Discussion in 'Whizzer Motorized Bicycles' started by Hal the Elder, Apr 30, 2009.

  1. Hal the Elder

    Hal the Elder Member

    HEY!

    I'm really impressed at the construction of my new 26" Worksman Coaster Brake Wheel!

    As for installing the sheave, I can use a drill shank as an arbor for opening up the pockets for clamping the sheave to the spokes, but if I use an arbor of the same diameter as the spokes (#31 drill bit, 0.120"), there won't be much grip, so I can use a slightly smaller shank to assure that the clamps will exert some pressure on the spokes when tightened.

    I can go to a #32 (0.116"), a #33 (0.113"), a #34 (0.111"), or a #35 (0.110"), or even smaller. What do you think?

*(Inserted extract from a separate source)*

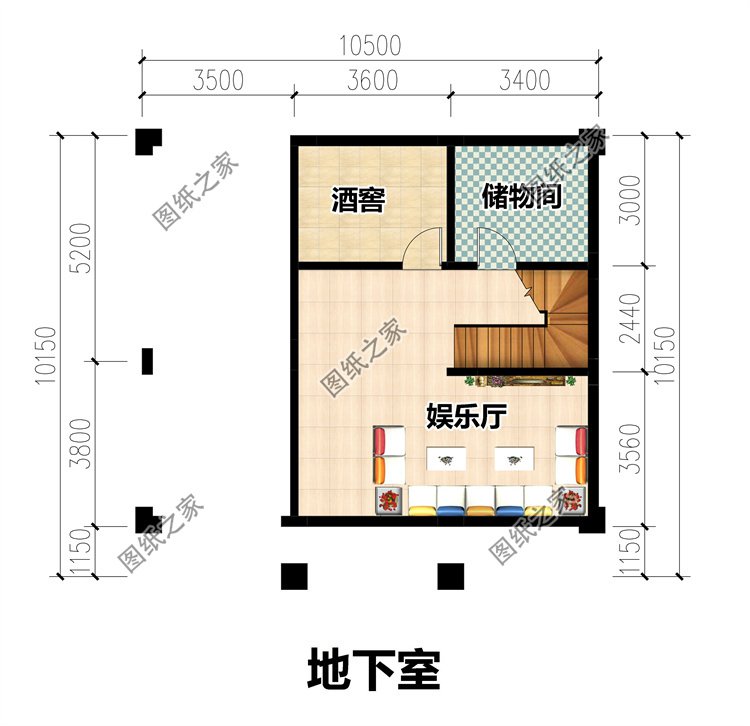 三間二層農(nóng)村自建房1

I would just force open the pockets by tapping the drill shank into them with a hammer.

    Also, don't you think it would be better to mount the tire before installing the sheave?

    As for installing the sheave, I was thinking of using a large round trash can as a working support.

    All tips will be appreciated!

    HAL
     

  2. RdKryton

    RdKryton Active Member

    Hi Hal
    You must be very careful not the nick the spokes with a clip that is too tight. I think you will see it will be a perfect with the #31 drill. Maybe Quenton will be able to shed more light on this for you. I don't think mounting the tire first will make any difference.

    Jim
     
    Last edited: Apr 30, 2009
  3. Quenton Guenther

    Quenton Guenther Motored Bikes Sponsor

    Hi Hal,
    There are several ways to center the sheave. I have a special fixture to center my wheels. I have been told to loosen the screws, start the motor and the sheave will center itself. I have never had any luck with that method. If you want a very easy way, mount the wheel in the frame, wrap a piece of wire [coat hanger works well]around the frame and use it as a guide to center the sheeve.

    Have fun,
     
  4. Hal the Elder

    Hal the Elder Member

    How 'bout this method?

    With wheel atop large round trash can, use 6" machinist's rule to obtain equidistant spacing between sheave and rim at all 9 points.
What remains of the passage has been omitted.